The case centers on whether Commerce can treat China and Vietnam as both “market” and “nonmarket” economies at the same time. Those terms of trade-law art pack a big punch. Antidumping laws allow Commerce to impose duties on goods that are sold in the US at prices lower than the home-country prices. By designating these two countries nonmarket economies, Commerce gets to measure the “home-country price” by using proxy values from some third country, such as Indonesia or the Philippines, on the theory that prices in a nonmarket economy are meaningless.
Yet at the same time, Commerce pretends China and Vietnam are market economies to apply countervailing duties to punish subsidies. Such duties can’t be applied to nonmarket economies on the theory that in nonmarket settings subsidies are so endemic they’re impossible to measure.
The result of this legalese has been higher duties on billions of dollars’ worth of imported steel, tires, and other products on which many American businesses and consumers depend.
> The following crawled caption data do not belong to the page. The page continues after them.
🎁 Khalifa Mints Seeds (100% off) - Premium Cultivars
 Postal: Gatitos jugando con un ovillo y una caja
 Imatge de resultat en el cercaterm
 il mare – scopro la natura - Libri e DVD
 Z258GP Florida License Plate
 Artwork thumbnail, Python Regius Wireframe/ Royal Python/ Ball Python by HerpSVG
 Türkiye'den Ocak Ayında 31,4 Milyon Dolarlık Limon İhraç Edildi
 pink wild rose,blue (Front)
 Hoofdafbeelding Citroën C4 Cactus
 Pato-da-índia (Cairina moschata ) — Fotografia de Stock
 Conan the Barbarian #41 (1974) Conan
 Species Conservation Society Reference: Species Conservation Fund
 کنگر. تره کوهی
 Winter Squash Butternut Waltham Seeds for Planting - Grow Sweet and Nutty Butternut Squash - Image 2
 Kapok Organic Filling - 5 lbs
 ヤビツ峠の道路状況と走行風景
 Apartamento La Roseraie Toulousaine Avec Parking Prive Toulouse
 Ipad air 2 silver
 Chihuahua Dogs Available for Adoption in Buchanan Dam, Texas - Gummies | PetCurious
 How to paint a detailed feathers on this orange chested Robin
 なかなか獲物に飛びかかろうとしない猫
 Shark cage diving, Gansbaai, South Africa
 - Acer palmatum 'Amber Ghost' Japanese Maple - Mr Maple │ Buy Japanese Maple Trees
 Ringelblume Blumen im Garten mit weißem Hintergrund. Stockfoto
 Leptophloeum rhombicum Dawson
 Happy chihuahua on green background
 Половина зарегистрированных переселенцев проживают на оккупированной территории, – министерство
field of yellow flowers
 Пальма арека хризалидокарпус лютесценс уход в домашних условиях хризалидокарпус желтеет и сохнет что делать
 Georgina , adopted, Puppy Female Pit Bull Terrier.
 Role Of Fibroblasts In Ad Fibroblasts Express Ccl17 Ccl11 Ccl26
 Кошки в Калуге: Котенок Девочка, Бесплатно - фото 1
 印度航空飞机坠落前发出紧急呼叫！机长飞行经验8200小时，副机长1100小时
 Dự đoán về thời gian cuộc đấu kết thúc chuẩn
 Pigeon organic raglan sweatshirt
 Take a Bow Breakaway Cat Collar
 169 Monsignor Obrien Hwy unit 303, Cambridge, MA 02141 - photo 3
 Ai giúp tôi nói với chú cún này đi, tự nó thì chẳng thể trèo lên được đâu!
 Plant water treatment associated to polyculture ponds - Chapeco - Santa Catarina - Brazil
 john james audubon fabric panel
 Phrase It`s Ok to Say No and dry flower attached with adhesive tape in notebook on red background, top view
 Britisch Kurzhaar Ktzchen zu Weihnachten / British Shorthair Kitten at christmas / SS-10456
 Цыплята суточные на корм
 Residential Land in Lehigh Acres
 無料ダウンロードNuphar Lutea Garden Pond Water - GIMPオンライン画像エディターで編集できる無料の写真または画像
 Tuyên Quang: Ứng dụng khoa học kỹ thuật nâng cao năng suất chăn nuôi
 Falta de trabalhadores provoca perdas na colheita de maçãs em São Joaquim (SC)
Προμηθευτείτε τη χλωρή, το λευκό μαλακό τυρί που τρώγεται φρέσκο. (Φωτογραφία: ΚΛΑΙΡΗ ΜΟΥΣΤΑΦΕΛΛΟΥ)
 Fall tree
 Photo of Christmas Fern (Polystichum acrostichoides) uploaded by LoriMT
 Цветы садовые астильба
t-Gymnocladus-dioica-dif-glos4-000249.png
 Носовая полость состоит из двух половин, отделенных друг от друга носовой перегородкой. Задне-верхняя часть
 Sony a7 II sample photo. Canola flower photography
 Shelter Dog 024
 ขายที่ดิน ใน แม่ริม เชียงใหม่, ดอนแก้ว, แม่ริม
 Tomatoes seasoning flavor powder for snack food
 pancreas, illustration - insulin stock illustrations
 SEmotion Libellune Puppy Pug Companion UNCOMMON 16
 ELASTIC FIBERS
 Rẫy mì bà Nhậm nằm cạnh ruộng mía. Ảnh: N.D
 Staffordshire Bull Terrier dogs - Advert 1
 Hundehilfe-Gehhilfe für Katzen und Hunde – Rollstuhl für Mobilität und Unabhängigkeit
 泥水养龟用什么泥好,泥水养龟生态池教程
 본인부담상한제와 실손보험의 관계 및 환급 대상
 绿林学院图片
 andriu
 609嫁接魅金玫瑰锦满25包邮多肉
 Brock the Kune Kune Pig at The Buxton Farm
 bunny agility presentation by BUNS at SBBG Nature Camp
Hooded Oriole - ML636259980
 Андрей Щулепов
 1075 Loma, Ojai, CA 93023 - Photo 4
Using a nonmarket-economy procedure for antidumping cases often leads to higher duties than might be the case if Commerce based duty rates solely on the actual costs of production in China or Vietnam.
Meanwhile, if Commerce can’t treat them as market economies under the antisubsidy laws, the countervailing duties would completely disappear. Over the past four years, Commerce has used the market-nonmarket trick to impose countervailing duties in 23 cases, with four more currently under investigation.
If this sounds unfair, well, it is. The World Trade Organization has ruled the practice out of bounds, and Commerce itself used to agree. For at least the 25 years before 2007, the department argued it had to pick one designation or the other for trade cases related to countries in the former Soviet bloc or China and Vietnam. The same appeals court that heard this case ruled in the 1980s that Commerce was right then, a view Congress implicitly accepted when it passed 2 trade-law revisions in the 1980s and ’90s that declined to change the law to allow what Commerce now wants to do.
Commerce charged ahead anyway in 2007 with its own creative interpretation of the law aimed at fast-growing, politically contentious imports from China and Vietnam. The court has now put the brakes on that, finding that if Commerce wants to play this game, it will need Congress’s explicit permission first.
There’s always the danger that protectionists in Congress will try to do exactly that, although given the high costs to the US economy, it would be foolish to do so. Meanwhile, at least Chinese companies subject to such duties can take comfort from a court ruling that says not even the Commerce Department is above the rule of trade law.